WORK INSTRUCTION:
Each line from the one with "Nissan Almera 2001 - 8" through the last line of the material is to be printed exactly; no other line and no picture belongs in the copy.
SUPPLIED DATA Block Start
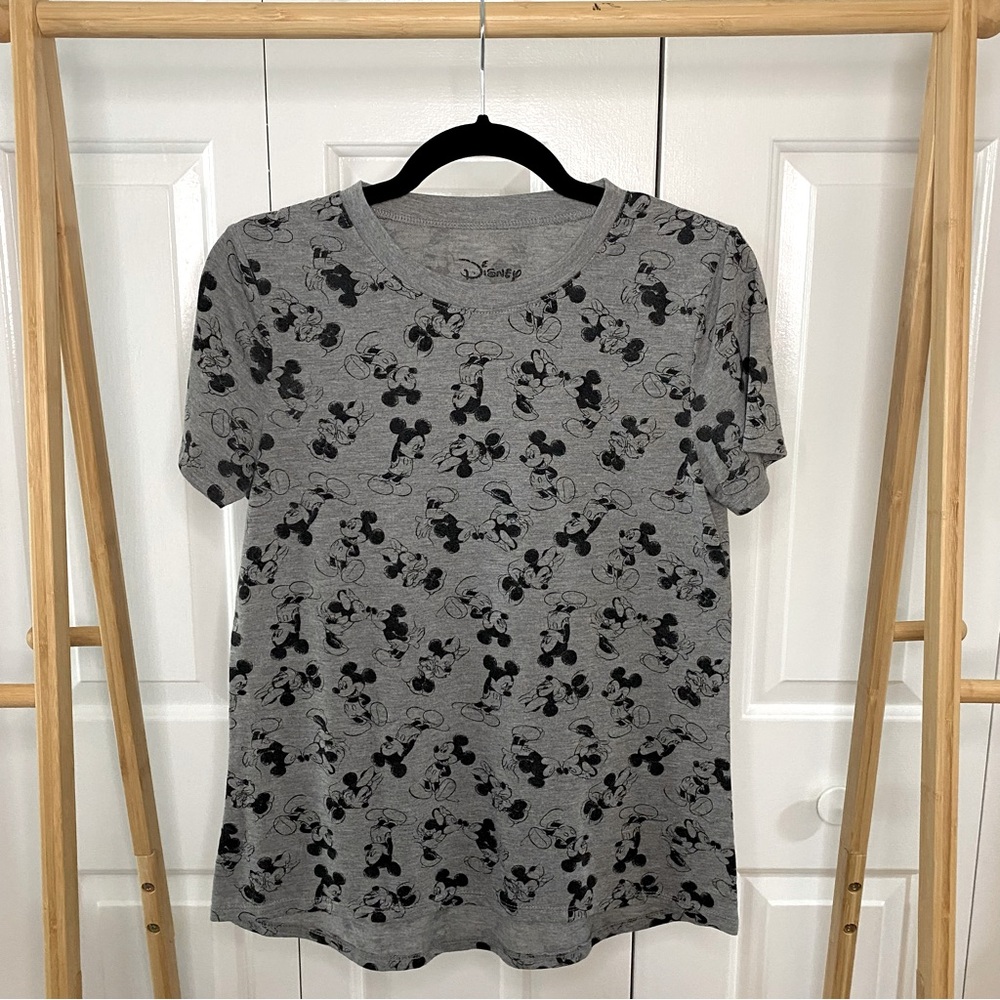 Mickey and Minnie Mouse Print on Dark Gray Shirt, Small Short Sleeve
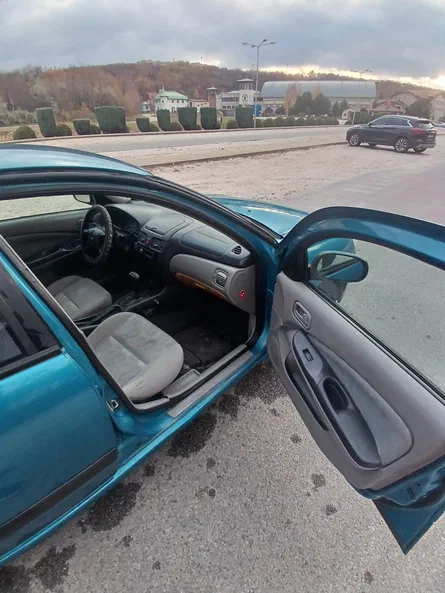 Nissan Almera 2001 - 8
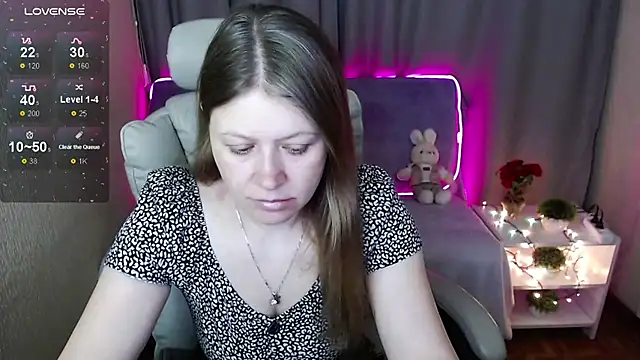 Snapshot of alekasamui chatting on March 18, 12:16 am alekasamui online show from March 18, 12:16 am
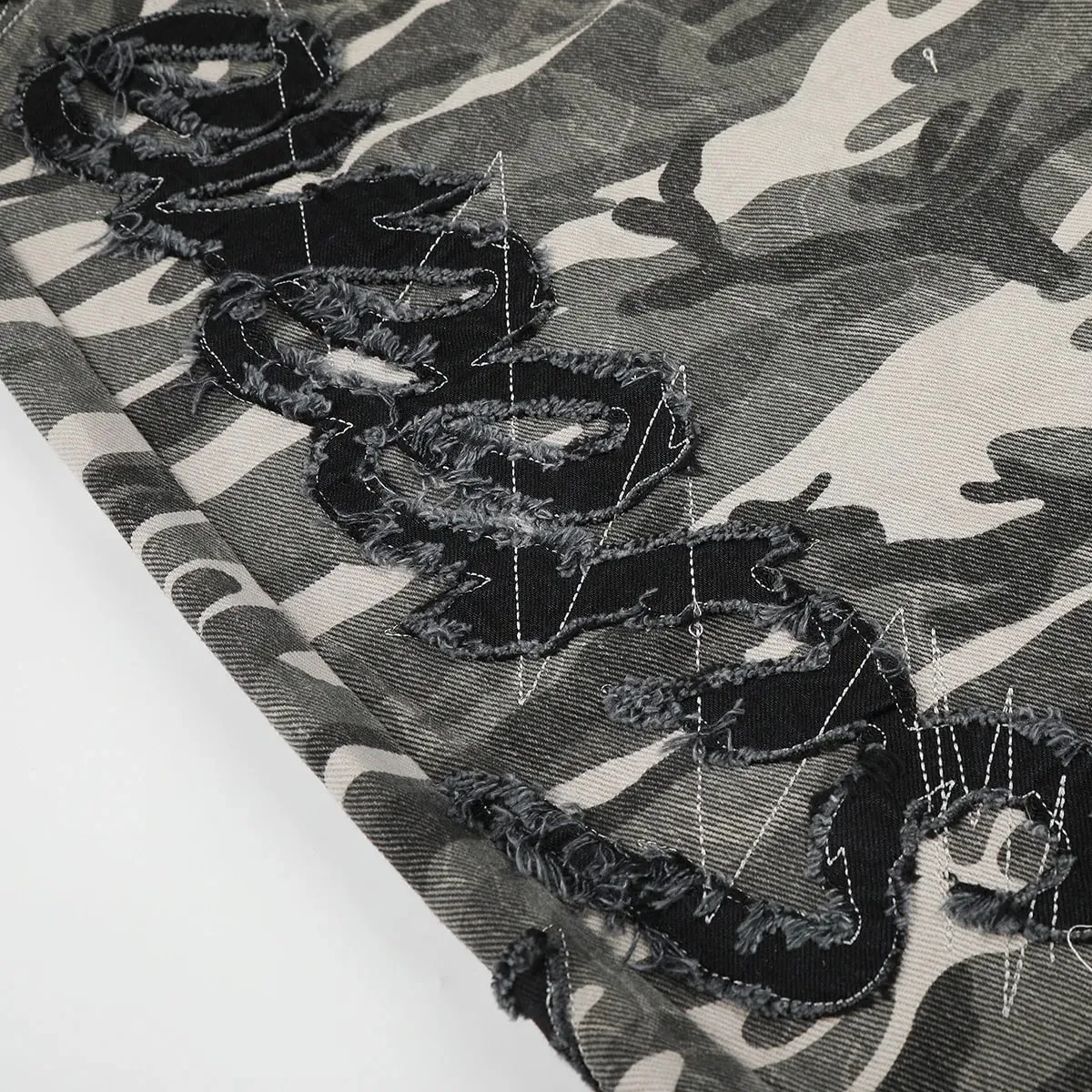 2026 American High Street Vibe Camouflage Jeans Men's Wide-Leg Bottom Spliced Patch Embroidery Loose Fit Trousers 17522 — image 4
SUPPLIED DATA Block End
RESULT FOR THIS TASK:
 Nissan Almera 2001 - 8
 Snapshot of alekasamui chatting on March 18, 12:16 am alekasamui online show from March 18, 12:16 am
 2026 American High Street Vibe Camouflage Jeans Men's Wide-Leg Bottom Spliced Patch Embroidery Loose Fit Trousers 17522 — image 4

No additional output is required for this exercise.